The AMI contains a dedicated storage volume mounted at /data which contains the software environment for creating a GEOS-Chem Classic run directory and compiling the model.

Launch your EC2 instance

  1. Log in to the AWS Console and navigate to EC2.

  2. Click Launch Instance.

  3. Give your instance a unique name (e.g., GCC14.7-Simulation) so that you can easily identify it in the list of instances in the EC2 Console.

  4. Look under Application and OS Images (AMI) and search for the AMI ID listed above in Community AMIs.

  5. We recommend that you create a Spot Instance with one of the instance types listed below:

    Suggested AWS EC2 instance types

    Specification

    c5.12xlarge

    c7i.16xlarge

    Generation

    5th gen (2018)

    7th gen (2023)

    vCPUs

    48

    64

    Memory (GiB)

    96

    128

    Processor

    Xeon Platinum 8k

    Xeon Scalable 4G

    Network (Gbps)

    12

    25

    Network bandwidth (Mbps)

    9,500

    20,000

    The price of a spot instance (per hour) depends on the instance type that is selected. For example, the c7i.16xlarge instance type has more memory and double the network speed of the c5.12xlarge instance type, and thus will be more expensive to use. You may, of course, select another instance type that is more cost-effective for your situation. But the two listed above have proven to be very sufficient for running GEOS-Chem simulations.

    Spot instances cost less than On-Demand Instances, which are guaranteed to execute with the highest priority. Spot instances may therefore be pre-empted by an on-demand instance at any time. Nevertheless, we find that we can routinely run GEOS-Chem simulations for several hours on a spot instance without the instance being pre-empted.

    Be sure to check the latest pricing for spot instances vs. pricing for on-demand instances for each instance type. This information changes frequently, so be sure to check back periodically.

  6. Select your SSH key pair or create a new key pair if you don’t have one. The private key should end with the .pem extension and be placed in your ~/.ssh folder. Make sure the private key is only readable by you (i.e. give it chmod 600 permission.

  7. Ensure that your security group allows SSH access (port 22) and any other required ports for your simulation (e.g., 80, 443).

  8. Configure storage:

    • You will see two volumes listed automatically (inherited from the AMI):

      • Root volume (30 GB): The operating system. Do not save simulation data here.

      • Elastic Block Storage (EBS) volume (100 GB minimum): Mounted at /data. Use this directory for everything.

    Tip

    You should increase the size of the /data volume as accordingly for your simulation.

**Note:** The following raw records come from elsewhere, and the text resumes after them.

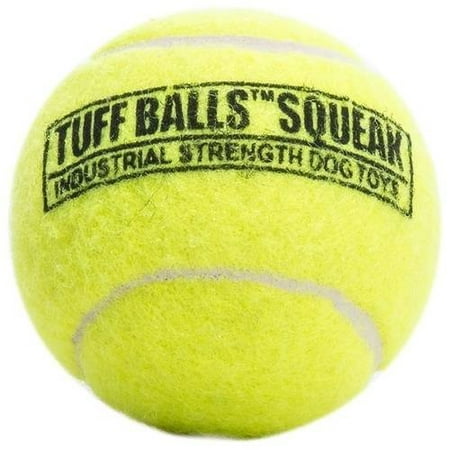 Tuff Balls Squeak 1.8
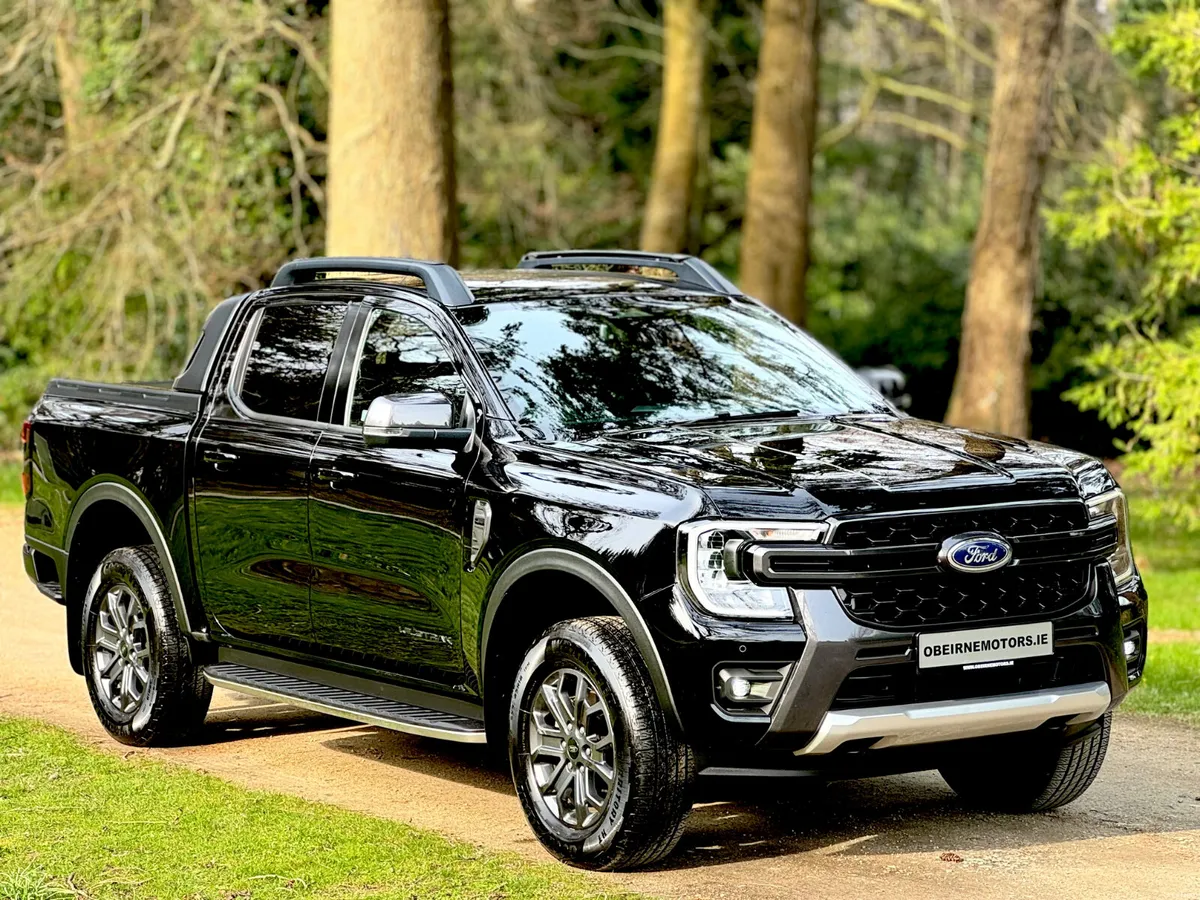 2.0TDCI AUTO WILDTRAK * HIGH SPEC * - Image 2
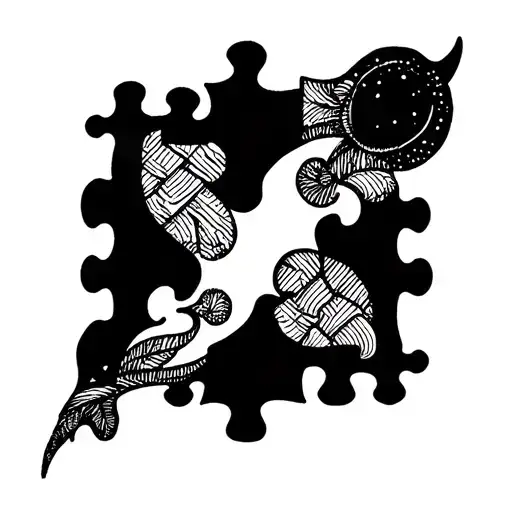 Autism And Adhd Symbolistic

  9. Launch your EC2 instance. You should see your instance listed in the EC2 Console with a status of “Running”.

Connect to your instance

Connect to your instance via SSH:

$ ssh -YA -i ~/.ssh/your-private-key.pem ec2-user@<instance-ip>

You can get the :literal:<instance-ip>` from the EC2 Console.

Verify the environment

The Spack environment named gc-env is configured to load automatically. You can verify the compiler is ready in the spack directory /data/spack/opt/spack:

$ which gfortran

Download the GC-Classic source code and data

Follow the instructions in the GEOS-Chem Classic Quickstart Guide to download the GEOS-Chem Classic source code and input data to your instance’s /data directory.

Warning

Do not use your home directory (~) for simulations. The root disk is small (30 GB). Always work inside /data.